[Task prompt]: Would you repeat the listing below exactly, with no pictures in it?

[Supplied material]:
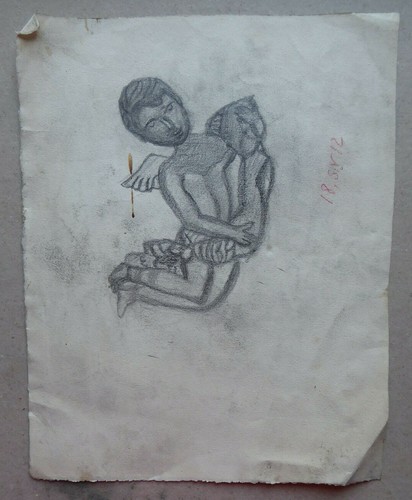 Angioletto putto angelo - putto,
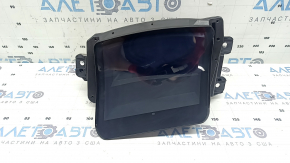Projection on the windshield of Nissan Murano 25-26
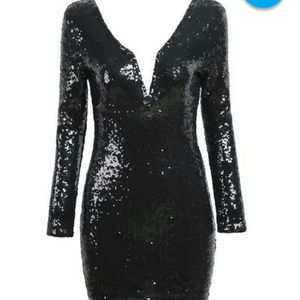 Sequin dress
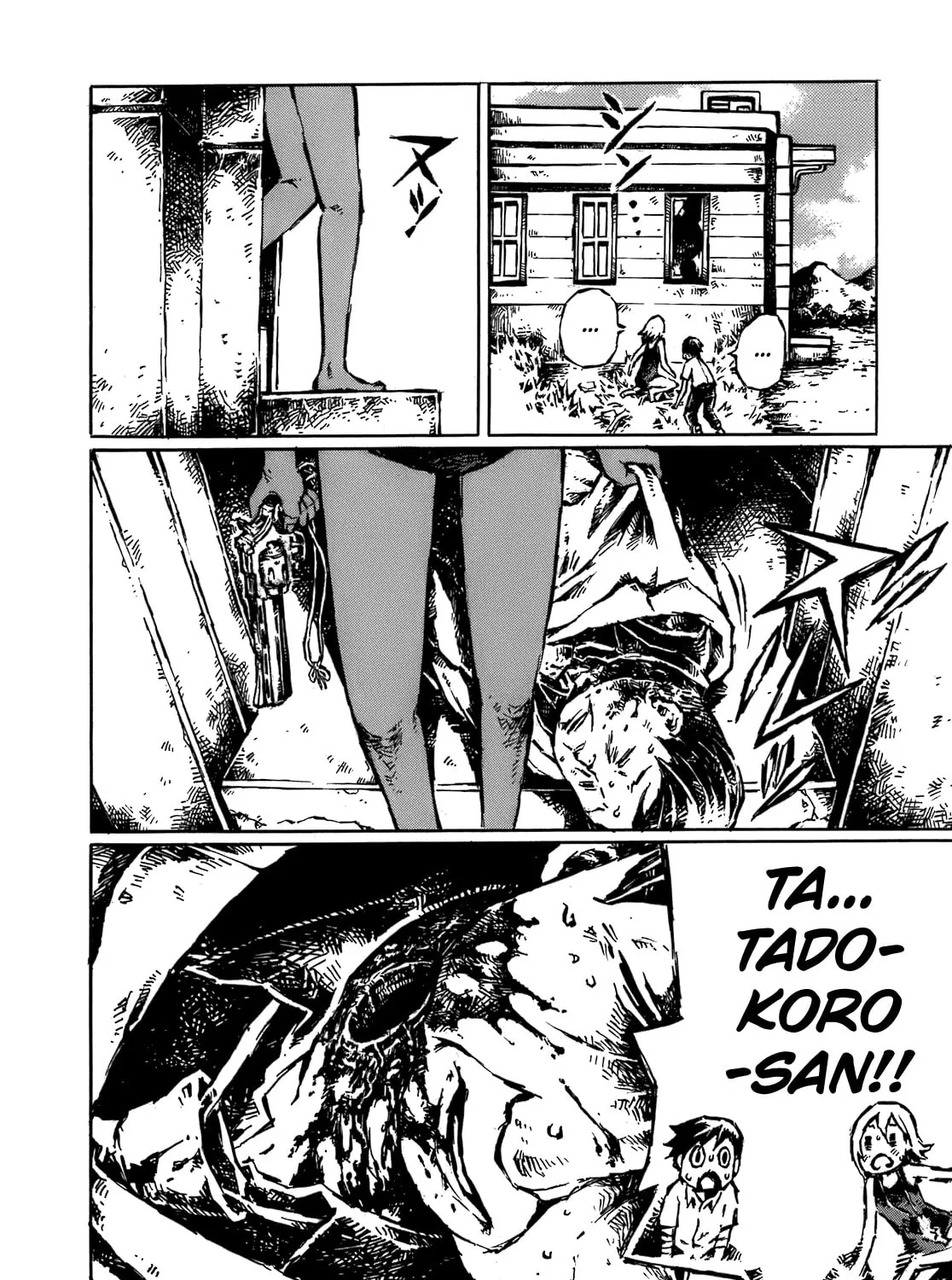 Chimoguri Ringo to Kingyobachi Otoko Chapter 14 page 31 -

[Response to this exercise]:
 Angioletto putto angelo - putto,
Projection on the windshield of Nissan Murano 25-26
 Sequin dress
 Chimoguri Ringo to Kingyobachi Otoko Chapter 14 page 31 -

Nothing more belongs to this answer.